Sure looking good there noone.

One question, will access be a problem getting to attic or have you already figured that. 

Also, will those nice shutters be reinstalled?

A very nice custom job and we can't wait to see her finished.:thumbsup:


----------



## noone

thomask said:


> Sure looking good there noone.
> 
> One question, will access be a problem getting to attic or have you already figured that.
> 
> Also, will those nice shutters be reinstalled?
> 
> A very nice custom job and we can't wait to see her finished.:thumbsup:


Thanks for the compliments!

I already ran the wires for the lights. You can't see them in the pics but they are taped to the top of the underside of the right cabinet, which just so happens to have that electrical outlet in it. :thumbsup:

And at each light hole the wire is taped to the inside of the cabinet. I will install the 3 LED flush lights, transformer and touch dimmer switch after paint.

Yes, those pricy shutters will be reinstalled (I didn't make that, unfortunately.). I'm actually having the shutter people make a new one for this room that will be painted the exact same color as the built-ins (an off-white Pottery Barn Kids color). Then I will have the old white shutter installed in another room that has the same size windows.

Also, just to mention as it may help other newb carpenters out there, I ended up resetting the base cabinets.
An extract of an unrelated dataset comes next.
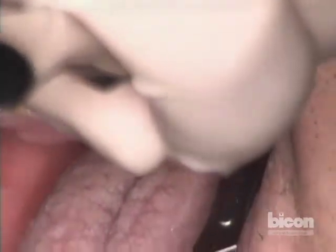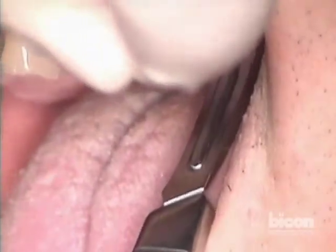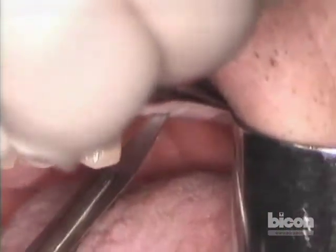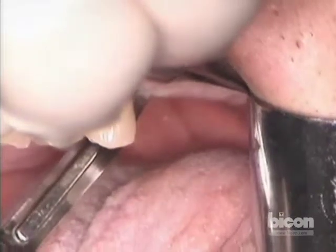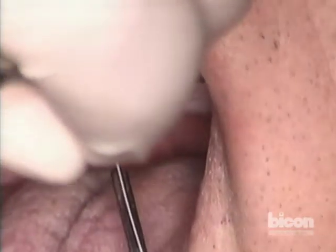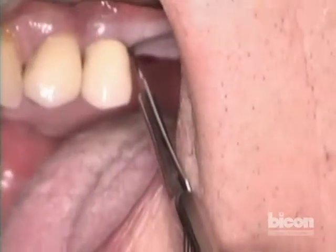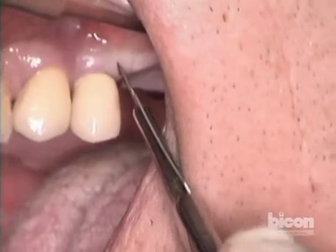The design of the incision is going to be a trap door with the beginning of a paddle shape that will come from the facial, encompassing all of the crest, and going all the way onto the crestopalatal corner, right onto the palatal slope ever so slightly. Then we will turn around and complete it with a nice wide base on the facial.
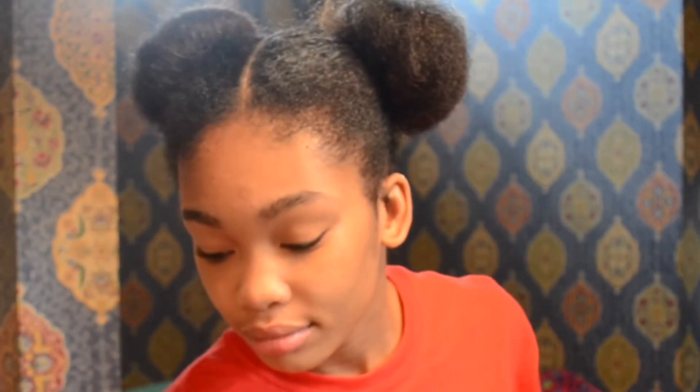We got one more left, and I'm going to let y'all know, this last bun style is my favorite. I wear it almost every day.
At first, and this is something I didn't initially think of, I just pushed them to the walls in the corner and then screwed them in. Bad idea. You of course have to square them up perfectly to each other on all axises to be able to insert a window seat and top lighting strip in squarely. Just something that was like a DOH moment for me that I thought i'd share!


----------



## thomask

noone said:


> Thanks for the compliments!
> 
> 
> Also, just to mention as it may help other newb carpenters out there, I ended up resetting the base cabinets. At first, and this is something I didn't initially think of, I just pushed them to the walls in the corner and then screwed them in. Bad idea. You of course have to square them up perfectly to each other on all axises to be able to insert a window seat and top lighting strip in squarely. Just something that was like a DOH moment for me that I thought i'd share!


That is great information to pass on to friends out there. Mentoring is a lost art and passing information on to those wanting to learn is a good thing.


----------



## noone

I finished these built-ins back in July. Hope you like them. (a new shutter with the same paint color will be installed in a few weeks)


----------



## noone

A few more.


----------



## mikekahle

nice job!


----------



## rayking49

Great job on those.


----------



## cabinetman

Nice work and attention to detail. Very clean looking.









 







.


----------